Gregorio Kohon, of the British Psychoanalytical Society, remarks that "Ogden belongs to that rare group of psychoanalysts who are also good writers. ...he re-creates the vitality of his own dream-life through creative readings of poetry and the unspoken, of fiction and mourning, of analytic sensibility and the aliveness of language. Ogden transforms the relationship between reader and writer into a fruitful and intimate dialogue. One's own reveries, ruminations, daydreams, memories, and - of course - dreams, become part of the conversation with him."
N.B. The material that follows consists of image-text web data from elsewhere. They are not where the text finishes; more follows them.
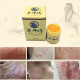 Herbal treatment for psoriasis and eczema
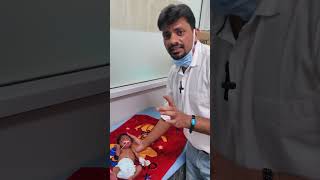 polydactyly syndactyly and dolichocephaly  a case demonstration [upl. by Aihsak]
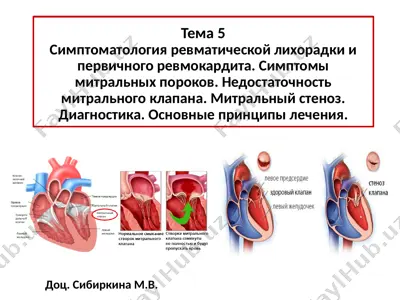 simptomatologiya revmaticheskoy lixoradki va pervichnogo revmokardita — PPTX
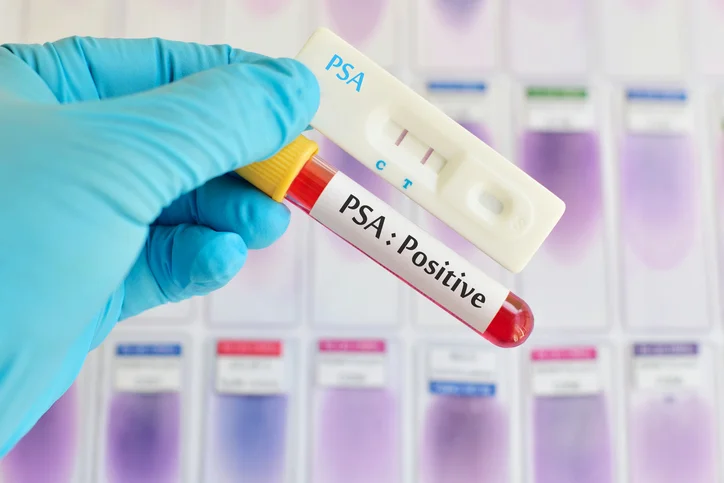 5 facts men should know about PSA
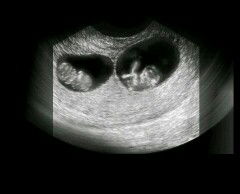 fithrie marchella profile icon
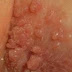 Pengertian Infeksi Hpv thumbnail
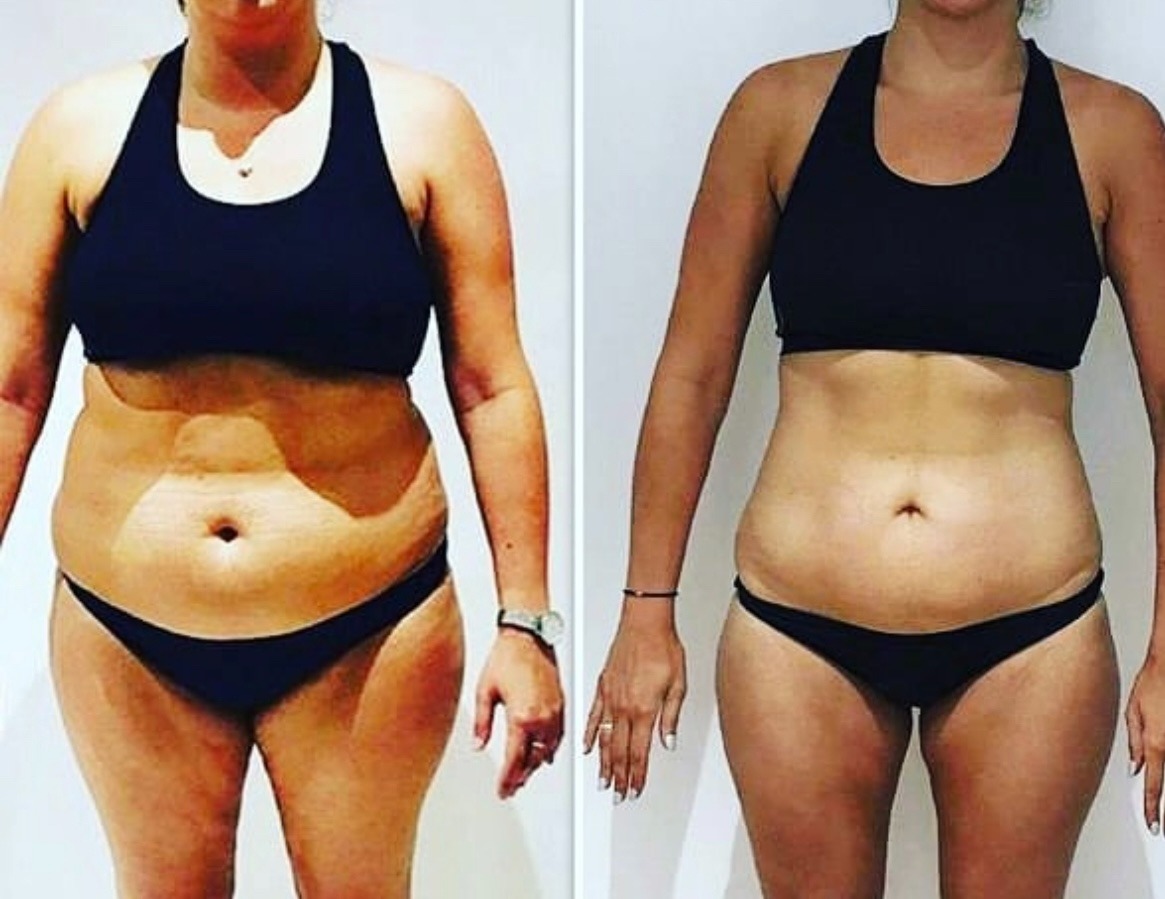 Kobieta w bieliźnie sportowej, prezentująca efekt 'przed i po' redukcji wagi. Widoczna różnica w obwodzie talii i sylwetce. Zmiana w wyglądzie skóry.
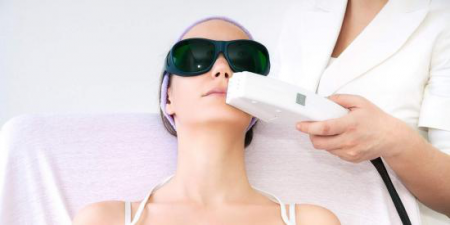Эпиляция лица лазером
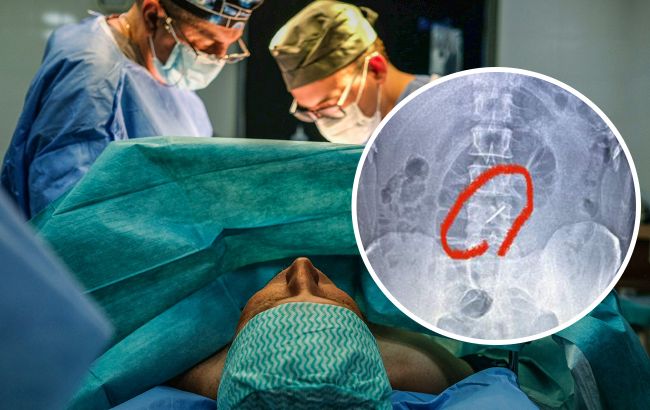 Боец ВСУ три недели воевал со сломанным хребтом. Врачи были шокированы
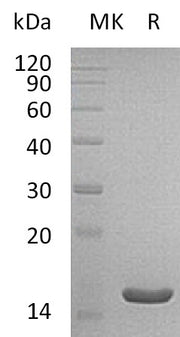 Recombinant Human ACOT13 (C-6His)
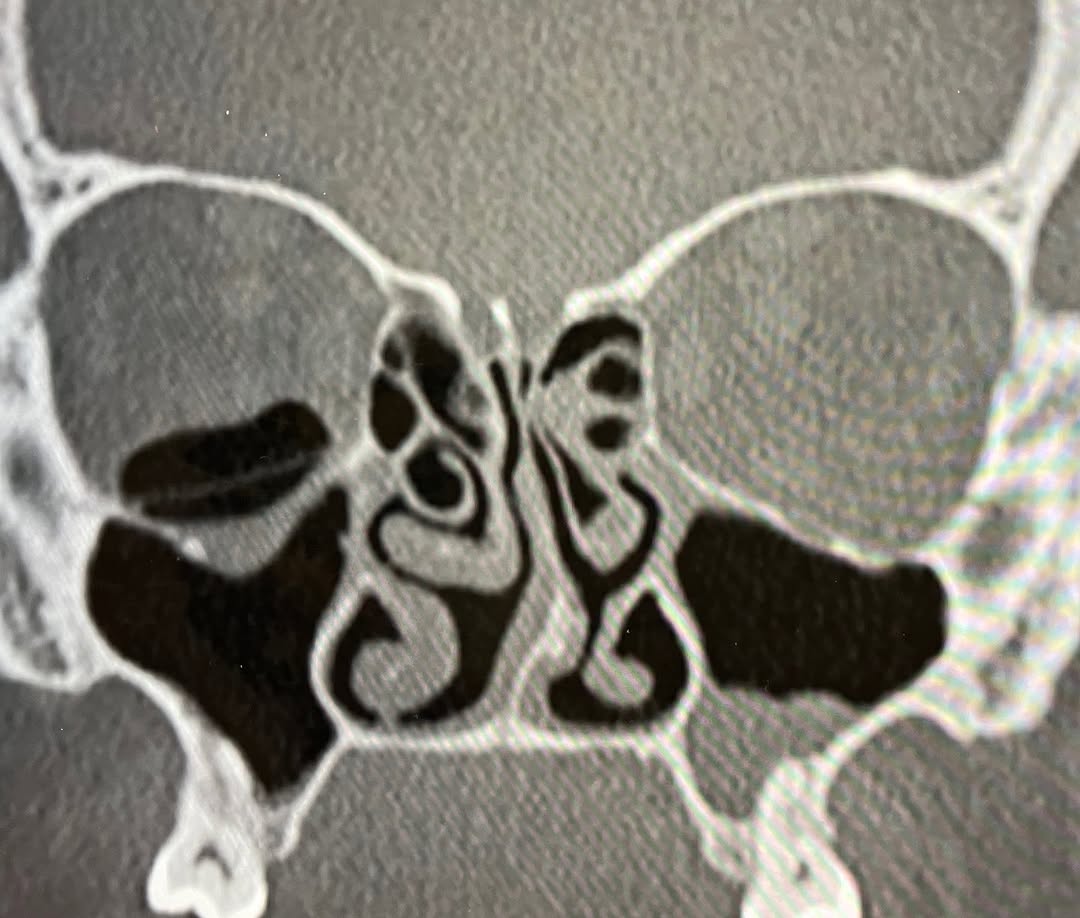 Instagram post by Dr. Richard C. Allen: Emphysema around an orbital floor implant #floorfracture #orbitalemphysema #orbitalimplants #oculoplastics #oculoplasticsurgery #oculoplasti…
Ogden's work has been translated into more than twenty-five languages, including English, French, German, Italian, Japanese, Chinese, Portuguese, Turkish and Hebrew.

==Awards==
Ogden's honors include:

- 2004 International Journal of Psychoanalysis Award for the Most Important Paper of the year;
- 2010 Haskell Norman Prize, an international award for Outstanding Achievement in Psychoanalysis;
- 2012 Sigourney Award;
- 2014 Hans Loewald Award for Distinguished Contribution to Psychoanalytic Education.

==Bibliography==

=== Psychoanalytic writings ===
- Ogden, Thomas (2025): What Alive Means: Psychoanalytic Explorations. London and New York: Routledge.
- Ogden, Thomas (2021): Coming to Life in the Consulting Room: Towards a New Analytic Sensibility. London and New York: Routledge.
- Ogden, Thomas (2016): Reclaiming Unlived Life: Experiences in Psychoanalysis. London and New York: Routledge.
- Ogden, Thomas and Benjamin Ogden (2013): The Analyst's Ear and the Critic's Eye: Rethinking Psychoanalysis and Literature. London and New York: Routledge.
- Ogden, Thomas (2012): Creative Readings: Essays on Seminal Analytic Works. London and New York: Routledge.
- Ogden, Thomas (2009): Rediscovering Psychoanalysis: Thinking and Dreaming, Learning and Forgetting. London and New York: Routledge.
- Ogden, Thomas (2005): This Art of Psychoanalysis: Dreaming Undreamt Dreams and Interrupted Cries. London and New York: Roudlege.
- Ogden, Thomas (2001): Conversations at the Frontier of Dreaming. London: Karnac Books.
- Ogden, Thomas (1997): Reverie and Interpretation: Sensing Something Human. London: Karnac Books.
- Ogden, Thomas (1994): Subjects of Analysis. New York: Jason Aronson.
- Ogden, Thomas (1989): The Primitive Edge of Experience. London: Karnac Books.
- Ogden, Thomas (1986): The Matrix of the Mind: Object Relations and the Psychoanalytic Dialogue. London: Karnac Books.
- Ogden, Thomas (1982): Projective Identification and Psychotherapeutic Technique. London: Karnac Books.

=== Novels ===

- Ogden, Thomas (2021): This Will Do... A Novel. Sphinx Books.
- Ogden, Thomas (2016): The Hands of Gravity and Chance. A Novel. Sphinx Books.
- Ogden, Thomas (2014): The Parts Left Out. A Novel. Sphinx Books.